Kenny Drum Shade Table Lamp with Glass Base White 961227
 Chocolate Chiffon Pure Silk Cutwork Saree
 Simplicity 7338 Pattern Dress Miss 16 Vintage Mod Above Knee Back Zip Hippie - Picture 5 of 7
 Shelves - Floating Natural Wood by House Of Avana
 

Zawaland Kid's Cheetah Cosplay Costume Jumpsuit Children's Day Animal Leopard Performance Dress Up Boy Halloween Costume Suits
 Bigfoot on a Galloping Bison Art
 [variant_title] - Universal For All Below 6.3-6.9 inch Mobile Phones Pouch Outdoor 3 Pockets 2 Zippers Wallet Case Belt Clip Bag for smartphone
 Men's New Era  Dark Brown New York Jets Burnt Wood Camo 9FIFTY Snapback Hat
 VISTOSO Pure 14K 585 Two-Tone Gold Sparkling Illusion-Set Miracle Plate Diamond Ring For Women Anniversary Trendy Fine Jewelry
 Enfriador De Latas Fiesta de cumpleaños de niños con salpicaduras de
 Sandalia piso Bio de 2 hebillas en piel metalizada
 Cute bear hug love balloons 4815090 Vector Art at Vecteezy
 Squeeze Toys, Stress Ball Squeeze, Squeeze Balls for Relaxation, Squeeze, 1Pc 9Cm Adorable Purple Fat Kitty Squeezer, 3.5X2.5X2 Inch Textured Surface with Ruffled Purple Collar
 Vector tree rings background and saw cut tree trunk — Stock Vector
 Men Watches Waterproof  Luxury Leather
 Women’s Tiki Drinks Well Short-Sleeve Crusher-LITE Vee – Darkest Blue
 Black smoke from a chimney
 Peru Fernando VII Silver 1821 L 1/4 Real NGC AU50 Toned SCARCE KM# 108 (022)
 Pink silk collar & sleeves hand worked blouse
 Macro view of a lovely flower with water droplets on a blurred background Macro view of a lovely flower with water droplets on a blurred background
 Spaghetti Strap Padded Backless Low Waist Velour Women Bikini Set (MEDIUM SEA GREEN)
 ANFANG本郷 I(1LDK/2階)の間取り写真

| PROBLEM DESCRIPTION |
Looking at the data above, give the number of lines that include "background"; add nothing else.

| WRITTEN REPLY |
2